Types Of Parsnips That Are Unsafe for Horses
While the root of the wild parsnip can be fed to horses, the flowers, stems, and foliage of the wild parsnip contains high concentrations of toxic chemicals called furanocoumarins. This toxicity increases when exposed to UV radiation (often from sunlight) and can lead to wild parsnip poisoning in horses.
Wild parsnip poisoning in horses can have varied signs, but it commonly manifests as a skin sensitivity affecting white or light-coloured areas.
Wild Parsnip is toxic for horses
Should Horses Eat Parsnip?
So, you now know that you can feed horses parsnip, but does this mean they should?
While most horses can enjoy parsnip as a delicious treat, there are some that should avoid eating parsnip or too much of it.
You Shouldn’t Feed Parsnip to These Horses…
Horses with Hyperkalemic Periodic Paralysis (HYPP)
If your horse has HYPP, it’s crucial to be mindful of their potassium intake. One parsnip weighing 100 grams contains 375 mg of potassium.
Due to this high potassium content, it’s advised not to feed parsnip to horses suffering from HYPP.
Horses With Metabolic Issues
It’s essential to practice caution with horses that have a condition like metabolic syndrome, Cushing’s disease, insulin resistance, or a history of laminitis. This is because parsnips have a relatively high sugar content which may pose health problems.
Always consult your vet before introducing any new treats into your horse’s diet.
Horses With Dental Issues
The crunchy and hard texture of parsnips may pose a challenge for horses with dental problems like tooth loss or decay.

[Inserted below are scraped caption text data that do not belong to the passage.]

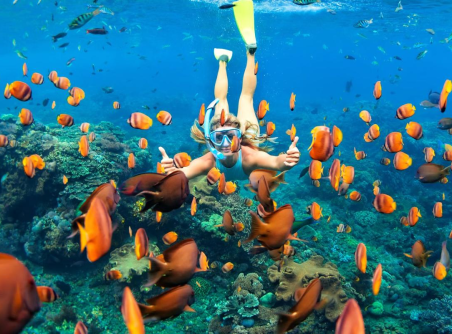 Jewels Thailand and Cambodia Discovery 13 Days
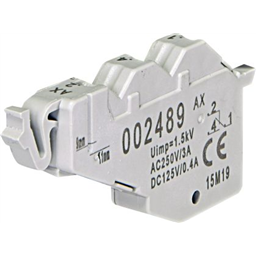 купить 4672345 ETI Расцепитель минимального напряжения NA2 TD 125-630AF DC110-120V, NA2 TD 125-630AF DC115-120V / ETIBREAK Промышленные автоматические выключатели / Внутренние аксессуары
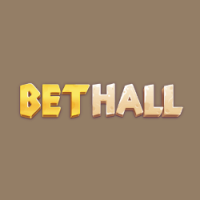 BetHall Casino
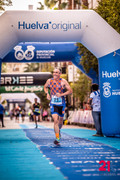 21-K-Huelva-00998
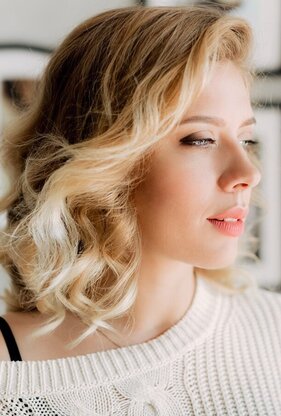 Bild von Valeriya
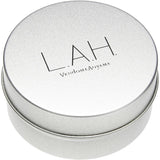 L.A.H. L.A.H. Vendome Aoyama TOOLS Nut Silver Men's Ring HS6R002815SI Japanese Size 15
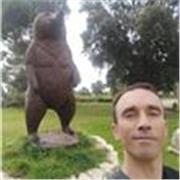 Profesor 20 años de experiencia, trilingüe francés ingles nativo español 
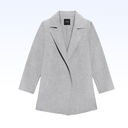 K0701412_MELANGE GREY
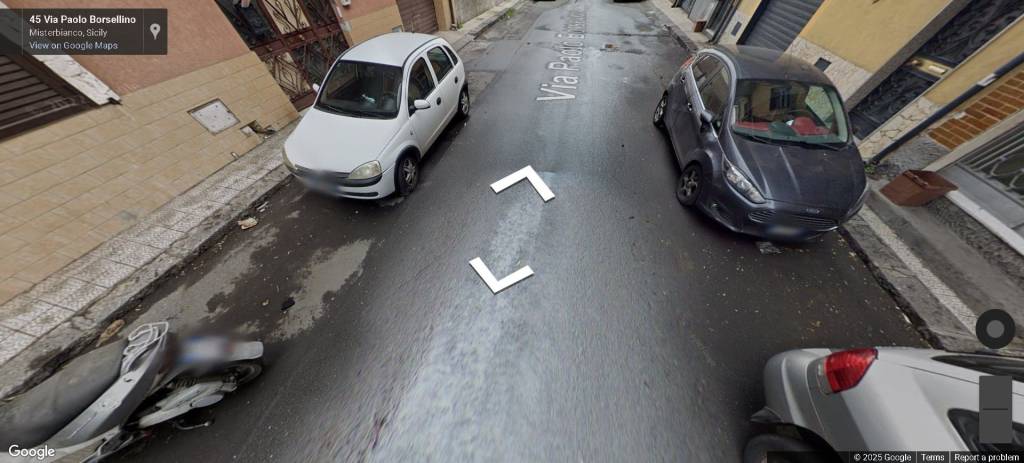 immagine annuncio 4 di 13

Fortunately, you can steam or boil the parsnip to soften it. You can also chop them into small pieces or shred them into finer bits.
Can horses eat parsnip leaves?
The tops or leaves of garden parsnips are safe for horses to consume and are not considered harmful. But be sure to wash them thoroughly to remove any dirt or contaminants.
The leaves of wild parsnips, on the other hand, should be avoided entirely.
What are the symptoms of too much parsnip in horses?
Too much parsnip may cause gastrointestinal distress in horses, such as an upset stomach, gas, bloating, and diarrhoea. Parsnips should be fed in moderation to avoid these potential digestive issues.